The connection is much slower than usual, probably because the MTU of 1300 is set too low.

Using the command ifconfig, i get this information about the connection:

utun2: flags=80d1<UP,POINTOPOINT,RUNNING,NOARP,MULTICAST> mtu 1300 inet ###.###.##.## --> ###.###.##.## netmask 0xfffffe00 inet6 ###::####:###:###:###%utun2 prefixlen 64 scopeid 0x10 inet6 ###:####:#:#::### prefixlen 128 nd6 options=201<PERFORMNUD,DAD>

(IP addresses have been anynomized with #)

How can I change this? I found nothing in the settings of the Cisco Client, not even in the configuration files.

A change in the system settings is of no use, via the terminal I tried the following:sudo ifconfig utun2 mtu 1470

The correct value is then displayed using the ifconfig command, but the connection itself does not change (neither the speed, nor the MTU value displayed here ). After reconnecting, the MTU is again registered at 1300.

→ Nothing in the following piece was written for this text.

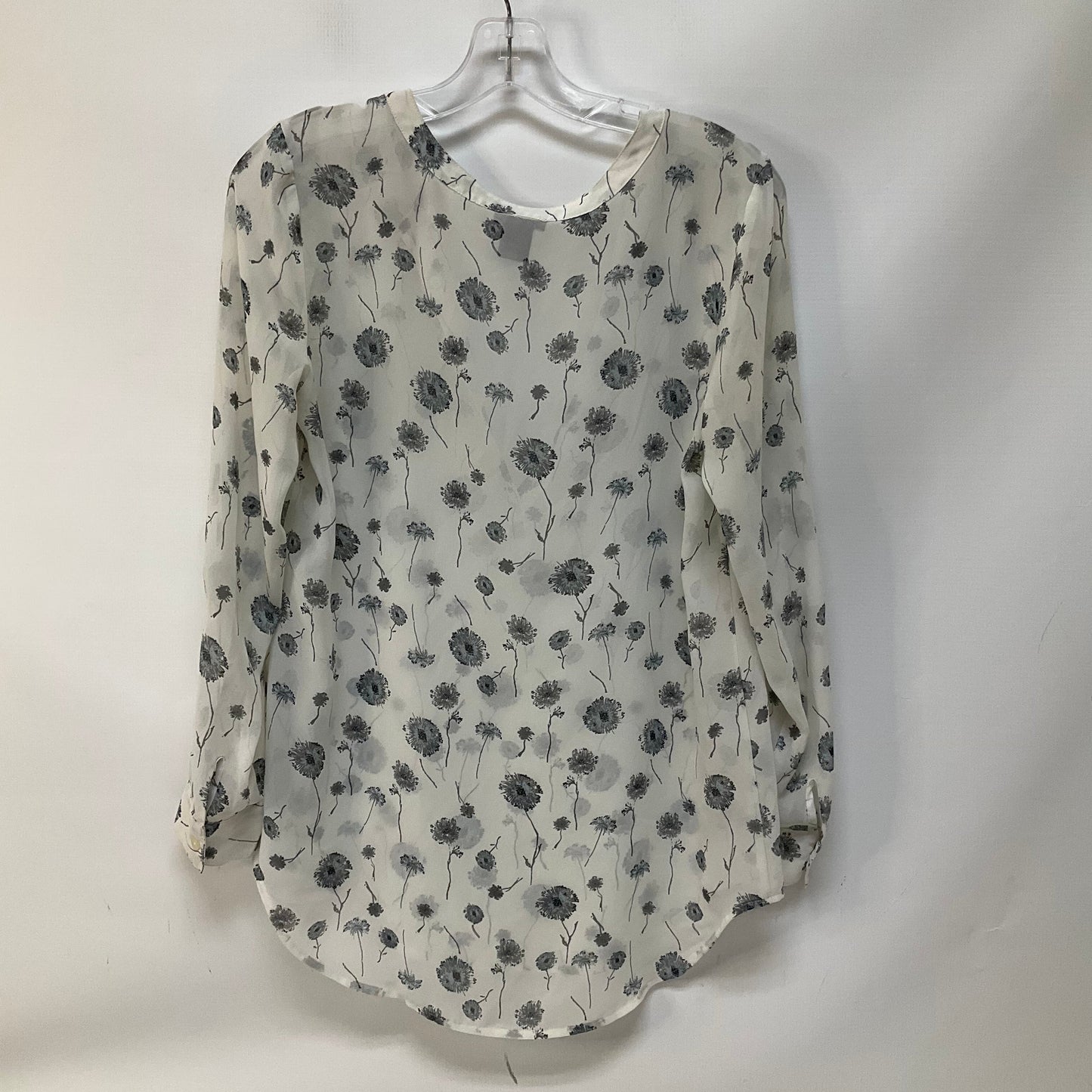 White Top Long Sleeve Ann Taylor, Size S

How can I change the MTU effectively and permanently?

3

1 Answer

Since VPN encapsulation adds additional overhead to packets, reducing Maximum Transfer Units below the standard 1500 byte ethernet frame MTU helps to ensure that encapsulated packets are not fragmented.

To check for packet fragmentation, ping with the "do not fragment" switch can be used.

On my version of ping, MacOS High Sierra, I can specify a sweep size with the following options:

nevin% ping -g 1200 -G 1500 -D <remote host>

This gives a result:

1472 bytes from x.x.x.x: icmp_seq=64 ttl=48 time=108.894 ms 556 bytes from 192.168.2.1: frag needed and DF set (MTU 1492) Vr HL TOS Len ID Flg off TTL Pro cks Src Dst 4 5 00 d505 f712 0 0000 40 01 2739 192.168.2.111 x.x.x.x

My en0 MTU is 1500, but the response above is that my router has an MTU of 1492.

"Path MTU Discovery" will attempt to keep packet sizes below the fragmentation threshold of any link between two hosts, though this works best when ICMP is not being blocked along the way. (If you just begin to lose packets without any error messages, then ICMP is being blocked at some upstream point, and this might be the cause of your slow speeds: The remote host might be sending packets > than your local MTU, but not getting errors to tell it to scale back.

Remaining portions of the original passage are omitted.